A “boom and bust” of goat farms in the 80s is where most of the misconceptions have come from, she said.

“Back then, farmers tried to farm goats like sheep.

“They’re not like sheep whatsoever; they’re white and fluffy, but that’s about where it ends.”

Where sheep will graze from “low to high” - eating closer to the ground before tackling tall grass - goats graze high to low.

That means there’s a lower risk of them consuming third-stage infective larvae, which live on the pasture, than with sheep.

And while they’ll eat grass and clover at a push, they prefer the prickly “waste” plants that cause farmers problems.

Gorse, thistles, cutty grass and blackberry are all on their menu and, like us, goats enjoy variety.

“For us, it’s about changing those perceptions.

“They’re more like dogs than sheep, they’ve got a real brain, so utilize it.

“It means they’re easy to train, they’re inquisitive, they’re easy to work with in the yards.”

Harrison said the 150 goats were his wife’s idea.

“She’d been driving around the paddock and it was full of thistles, she just said ‘we need some goats’.

“It wasn’t until about a year ago that we saw this opportunity.”

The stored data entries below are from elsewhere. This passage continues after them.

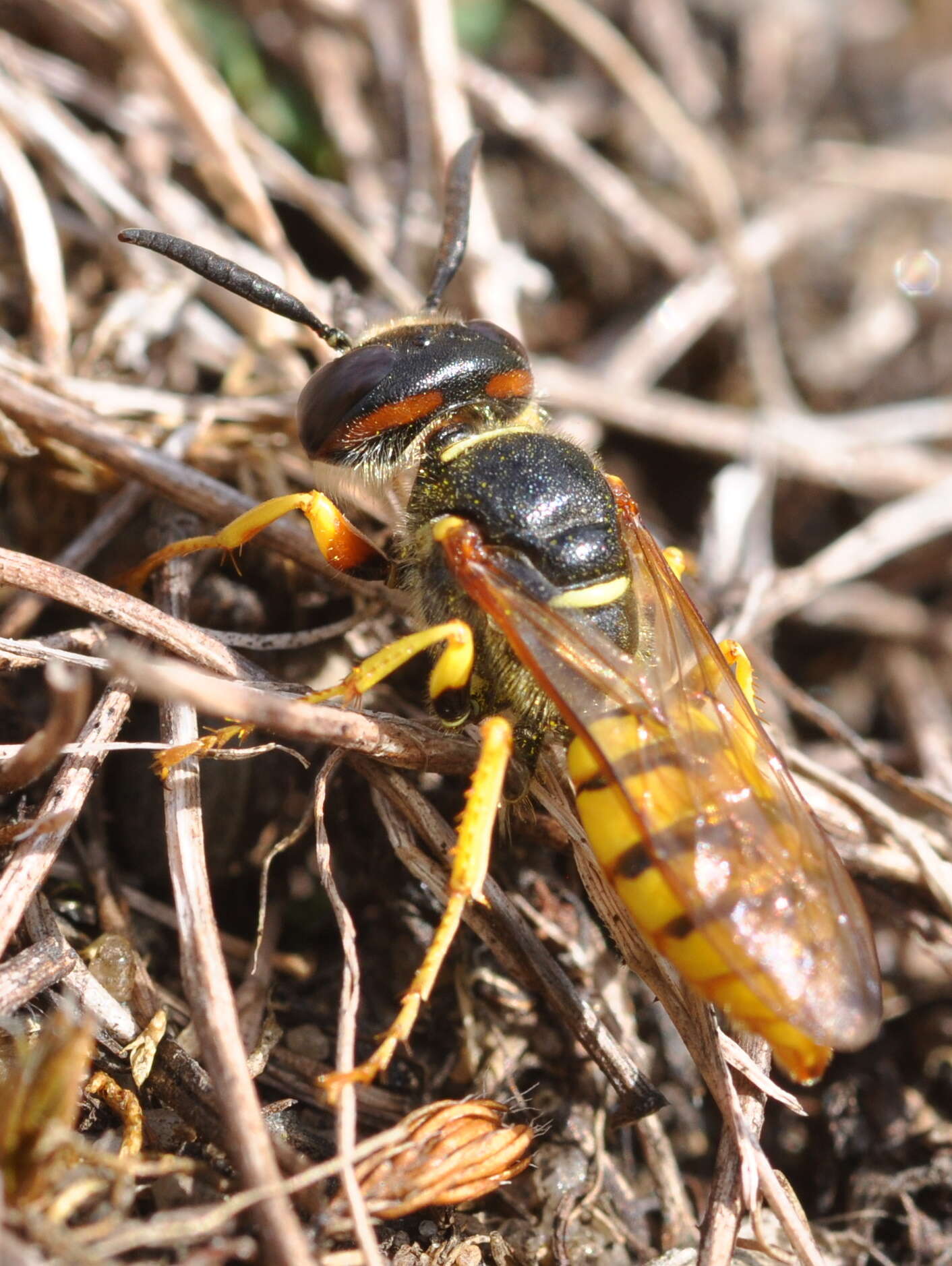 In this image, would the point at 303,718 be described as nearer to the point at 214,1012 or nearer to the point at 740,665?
the point at 214,1012

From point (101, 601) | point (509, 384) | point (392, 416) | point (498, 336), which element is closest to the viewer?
point (101, 601)

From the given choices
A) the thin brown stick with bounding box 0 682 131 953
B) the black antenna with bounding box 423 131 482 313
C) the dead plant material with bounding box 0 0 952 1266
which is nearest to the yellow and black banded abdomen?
the dead plant material with bounding box 0 0 952 1266

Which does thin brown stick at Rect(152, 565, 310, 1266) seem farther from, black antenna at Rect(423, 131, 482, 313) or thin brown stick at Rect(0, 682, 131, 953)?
black antenna at Rect(423, 131, 482, 313)

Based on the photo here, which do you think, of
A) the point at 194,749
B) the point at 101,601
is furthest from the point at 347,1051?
the point at 101,601

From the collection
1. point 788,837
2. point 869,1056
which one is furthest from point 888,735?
point 788,837

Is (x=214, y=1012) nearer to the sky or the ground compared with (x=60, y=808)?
nearer to the ground

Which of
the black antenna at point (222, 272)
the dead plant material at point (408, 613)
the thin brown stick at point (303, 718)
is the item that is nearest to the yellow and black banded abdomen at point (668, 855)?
the dead plant material at point (408, 613)

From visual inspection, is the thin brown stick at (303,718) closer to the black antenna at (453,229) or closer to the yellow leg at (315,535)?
the yellow leg at (315,535)

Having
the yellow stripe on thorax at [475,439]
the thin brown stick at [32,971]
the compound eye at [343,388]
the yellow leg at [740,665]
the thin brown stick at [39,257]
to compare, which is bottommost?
the thin brown stick at [32,971] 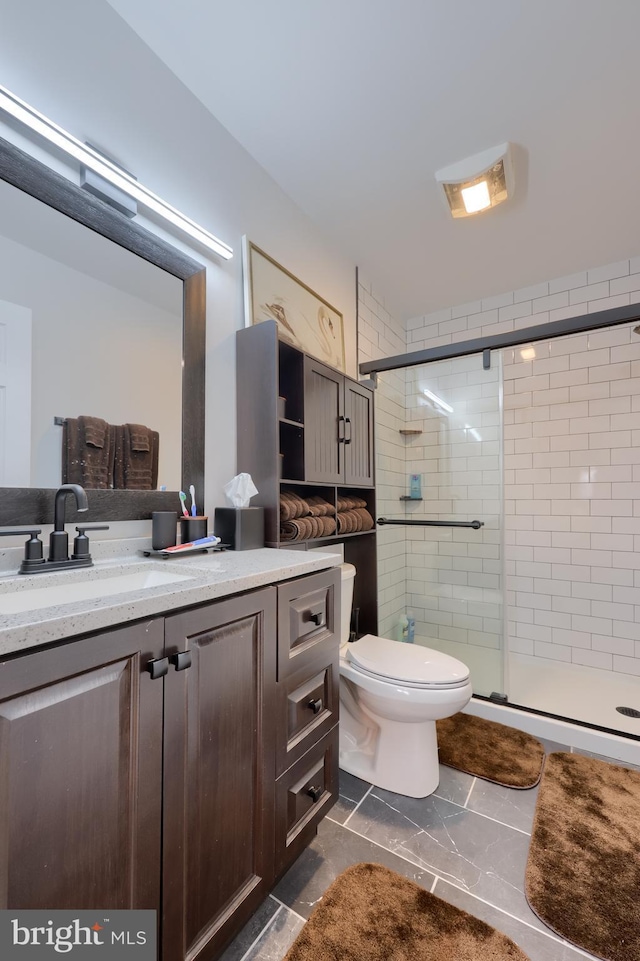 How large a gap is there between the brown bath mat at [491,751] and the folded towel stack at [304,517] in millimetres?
1163

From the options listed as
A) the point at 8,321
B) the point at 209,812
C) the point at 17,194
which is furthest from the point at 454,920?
the point at 17,194

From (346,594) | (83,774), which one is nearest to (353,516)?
(346,594)

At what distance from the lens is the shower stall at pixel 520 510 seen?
2422 millimetres

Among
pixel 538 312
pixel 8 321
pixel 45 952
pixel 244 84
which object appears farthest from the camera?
pixel 538 312

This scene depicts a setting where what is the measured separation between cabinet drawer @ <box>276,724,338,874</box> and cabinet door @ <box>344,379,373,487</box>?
1148mm

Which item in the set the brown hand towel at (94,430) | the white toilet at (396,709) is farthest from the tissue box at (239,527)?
the white toilet at (396,709)

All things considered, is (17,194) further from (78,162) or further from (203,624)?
(203,624)

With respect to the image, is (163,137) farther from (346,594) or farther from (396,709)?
(396,709)

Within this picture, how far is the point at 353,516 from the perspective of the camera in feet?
6.95

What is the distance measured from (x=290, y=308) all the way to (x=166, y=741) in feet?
5.92

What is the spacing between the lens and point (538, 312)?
9.40 feet

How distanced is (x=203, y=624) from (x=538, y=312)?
10.1 feet

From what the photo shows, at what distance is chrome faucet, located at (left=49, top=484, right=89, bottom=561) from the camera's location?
1.04m

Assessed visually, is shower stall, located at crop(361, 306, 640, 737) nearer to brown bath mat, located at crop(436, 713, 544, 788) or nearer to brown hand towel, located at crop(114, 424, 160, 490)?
brown bath mat, located at crop(436, 713, 544, 788) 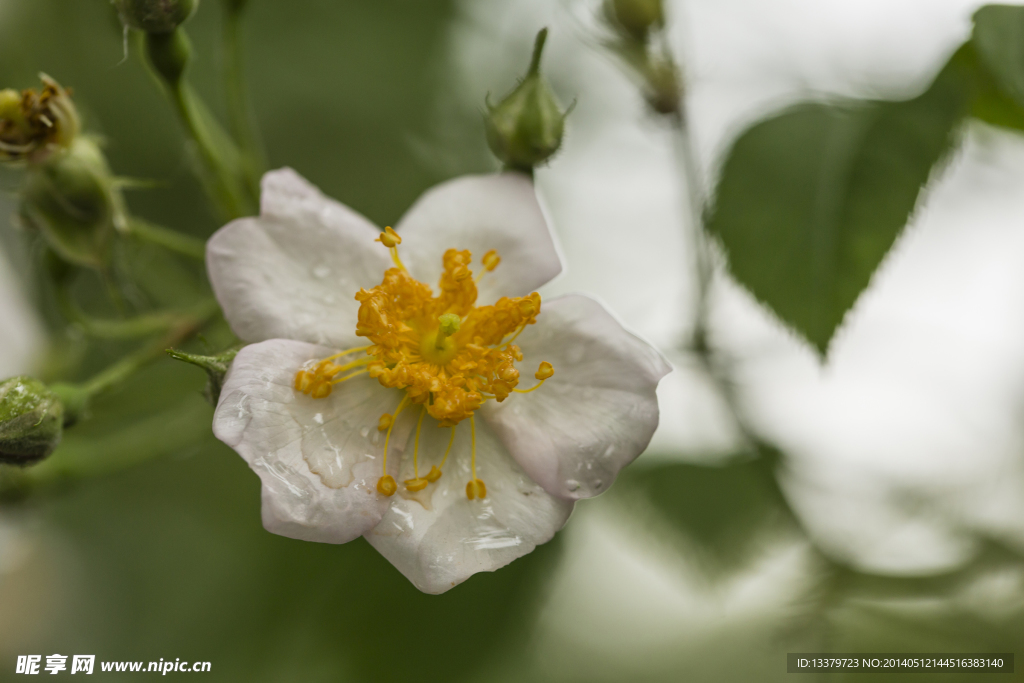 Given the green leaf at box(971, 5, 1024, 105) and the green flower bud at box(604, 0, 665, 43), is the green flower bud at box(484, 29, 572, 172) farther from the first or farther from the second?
the green leaf at box(971, 5, 1024, 105)

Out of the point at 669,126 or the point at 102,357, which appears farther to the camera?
the point at 102,357

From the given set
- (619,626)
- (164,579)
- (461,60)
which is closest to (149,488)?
(164,579)

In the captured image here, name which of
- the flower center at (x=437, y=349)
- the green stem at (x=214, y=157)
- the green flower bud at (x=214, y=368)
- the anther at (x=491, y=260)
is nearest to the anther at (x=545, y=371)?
the flower center at (x=437, y=349)

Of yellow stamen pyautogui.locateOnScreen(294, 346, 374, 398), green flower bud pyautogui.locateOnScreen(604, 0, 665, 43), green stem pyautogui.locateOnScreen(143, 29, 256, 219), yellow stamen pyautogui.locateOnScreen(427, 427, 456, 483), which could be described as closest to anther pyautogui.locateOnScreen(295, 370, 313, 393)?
yellow stamen pyautogui.locateOnScreen(294, 346, 374, 398)

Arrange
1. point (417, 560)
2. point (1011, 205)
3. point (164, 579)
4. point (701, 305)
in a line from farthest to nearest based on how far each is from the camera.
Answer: point (164, 579)
point (1011, 205)
point (701, 305)
point (417, 560)

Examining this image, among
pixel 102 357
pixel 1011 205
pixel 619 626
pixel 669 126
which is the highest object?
pixel 669 126

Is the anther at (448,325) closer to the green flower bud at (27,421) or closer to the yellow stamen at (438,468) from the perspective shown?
the yellow stamen at (438,468)

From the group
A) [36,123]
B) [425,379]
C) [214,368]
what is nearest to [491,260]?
[425,379]

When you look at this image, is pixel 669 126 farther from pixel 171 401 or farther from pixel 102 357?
pixel 102 357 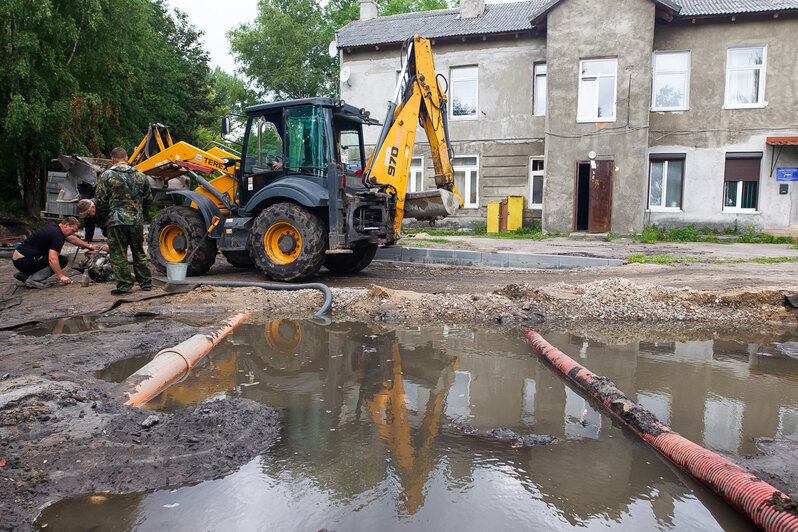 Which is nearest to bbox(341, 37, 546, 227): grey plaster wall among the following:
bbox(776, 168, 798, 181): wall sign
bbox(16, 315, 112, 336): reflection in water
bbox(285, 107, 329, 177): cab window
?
bbox(776, 168, 798, 181): wall sign

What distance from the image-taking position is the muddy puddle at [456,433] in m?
2.67

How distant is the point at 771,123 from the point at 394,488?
19356mm

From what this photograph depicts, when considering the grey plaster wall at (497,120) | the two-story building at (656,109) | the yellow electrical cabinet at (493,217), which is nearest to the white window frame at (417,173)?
the grey plaster wall at (497,120)

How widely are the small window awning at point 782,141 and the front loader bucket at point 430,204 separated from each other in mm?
12619

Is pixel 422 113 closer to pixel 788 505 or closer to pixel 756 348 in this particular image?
pixel 756 348

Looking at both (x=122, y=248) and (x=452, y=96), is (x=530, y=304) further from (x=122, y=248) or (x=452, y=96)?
(x=452, y=96)

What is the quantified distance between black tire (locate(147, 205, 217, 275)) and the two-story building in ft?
40.0

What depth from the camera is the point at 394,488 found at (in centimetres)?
290

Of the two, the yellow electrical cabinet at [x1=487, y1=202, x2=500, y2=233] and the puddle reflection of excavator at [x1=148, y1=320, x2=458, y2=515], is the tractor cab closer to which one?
the puddle reflection of excavator at [x1=148, y1=320, x2=458, y2=515]

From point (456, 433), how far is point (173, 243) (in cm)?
790

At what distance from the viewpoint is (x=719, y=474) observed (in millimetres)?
2842

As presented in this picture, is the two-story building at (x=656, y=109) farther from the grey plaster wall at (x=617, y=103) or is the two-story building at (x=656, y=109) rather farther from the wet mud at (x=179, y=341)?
the wet mud at (x=179, y=341)

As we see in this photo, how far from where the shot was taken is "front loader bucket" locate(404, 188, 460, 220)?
389 inches

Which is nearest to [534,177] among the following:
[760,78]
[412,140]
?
[760,78] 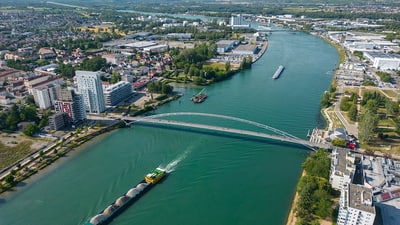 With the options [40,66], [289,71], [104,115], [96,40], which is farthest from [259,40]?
[104,115]

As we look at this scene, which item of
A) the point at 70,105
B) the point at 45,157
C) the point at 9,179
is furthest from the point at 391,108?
the point at 9,179

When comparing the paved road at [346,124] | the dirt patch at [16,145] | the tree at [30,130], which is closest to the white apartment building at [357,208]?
the paved road at [346,124]

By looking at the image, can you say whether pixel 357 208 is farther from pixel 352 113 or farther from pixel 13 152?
pixel 13 152

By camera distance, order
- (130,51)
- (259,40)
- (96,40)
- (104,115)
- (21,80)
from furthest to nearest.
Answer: (259,40) → (96,40) → (130,51) → (21,80) → (104,115)

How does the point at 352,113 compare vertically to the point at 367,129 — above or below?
below

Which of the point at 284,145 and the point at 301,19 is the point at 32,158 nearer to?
the point at 284,145

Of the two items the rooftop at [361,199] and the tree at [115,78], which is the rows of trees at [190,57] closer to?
the tree at [115,78] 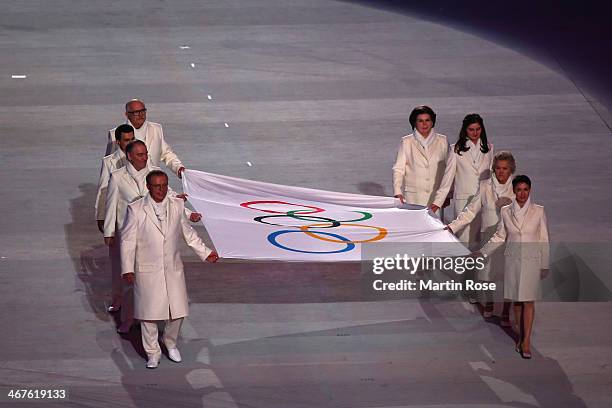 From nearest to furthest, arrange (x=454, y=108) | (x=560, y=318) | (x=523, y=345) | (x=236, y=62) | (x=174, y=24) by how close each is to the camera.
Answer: (x=523, y=345), (x=560, y=318), (x=454, y=108), (x=236, y=62), (x=174, y=24)

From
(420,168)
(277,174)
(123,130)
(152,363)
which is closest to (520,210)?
(420,168)

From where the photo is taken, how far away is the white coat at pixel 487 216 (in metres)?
11.3

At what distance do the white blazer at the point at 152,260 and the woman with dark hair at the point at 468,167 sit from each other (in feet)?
8.91

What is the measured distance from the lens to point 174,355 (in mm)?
10844

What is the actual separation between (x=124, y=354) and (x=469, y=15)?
1346 centimetres

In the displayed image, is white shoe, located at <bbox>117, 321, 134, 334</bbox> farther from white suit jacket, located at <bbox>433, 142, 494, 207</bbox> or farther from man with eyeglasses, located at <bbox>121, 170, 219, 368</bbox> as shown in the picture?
white suit jacket, located at <bbox>433, 142, 494, 207</bbox>

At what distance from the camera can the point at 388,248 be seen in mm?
11289

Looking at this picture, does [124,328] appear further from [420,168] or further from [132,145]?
[420,168]

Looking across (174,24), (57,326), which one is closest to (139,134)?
(57,326)

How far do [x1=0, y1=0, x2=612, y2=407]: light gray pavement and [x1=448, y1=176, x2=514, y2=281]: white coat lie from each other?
0.55 metres

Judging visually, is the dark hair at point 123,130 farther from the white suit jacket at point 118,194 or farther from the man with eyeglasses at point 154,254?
the man with eyeglasses at point 154,254

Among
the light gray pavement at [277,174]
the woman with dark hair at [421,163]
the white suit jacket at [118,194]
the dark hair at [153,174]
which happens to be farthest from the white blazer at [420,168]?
the dark hair at [153,174]

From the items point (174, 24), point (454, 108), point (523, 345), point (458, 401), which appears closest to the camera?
point (458, 401)

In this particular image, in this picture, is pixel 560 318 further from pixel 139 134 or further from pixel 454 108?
pixel 454 108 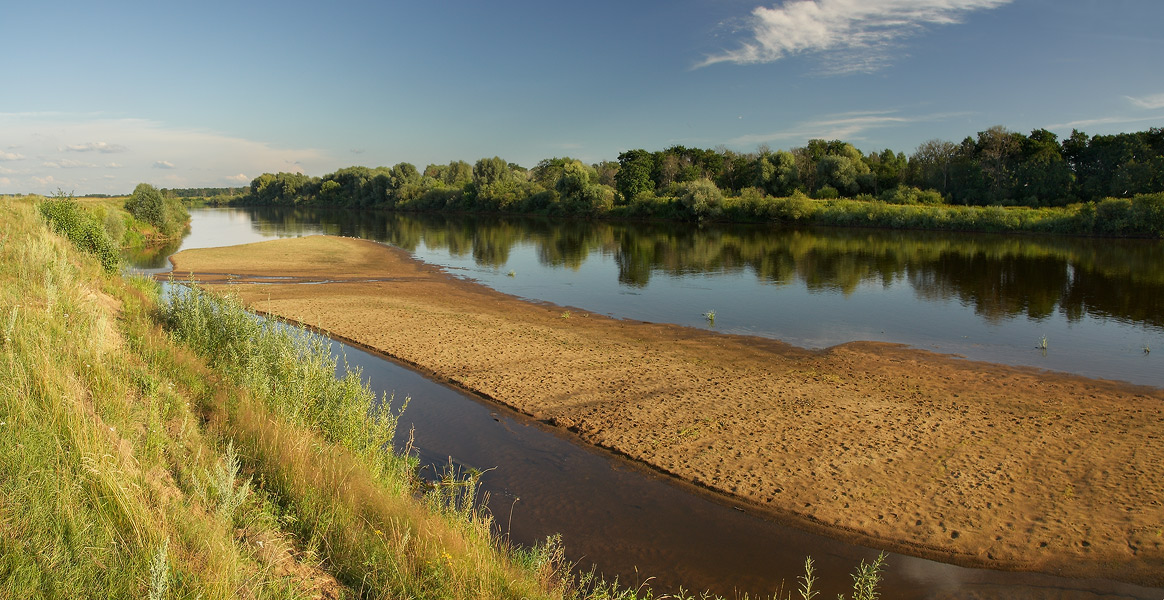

The herd is a joint experiment by the Harrisons, NZ Cashmere, AgFirst, and Graham Butcher of Rural Solutions to see how the animals benefit a multi-faceted farm, where goats replace the spraying of weeds as pest control.

“Half of the feed [goats] eat is stuff most don’t consider as feed or put into your equations around available feed on farm,” Butcher said.

“John’s also found he’s surprised how easy they have been to handle.”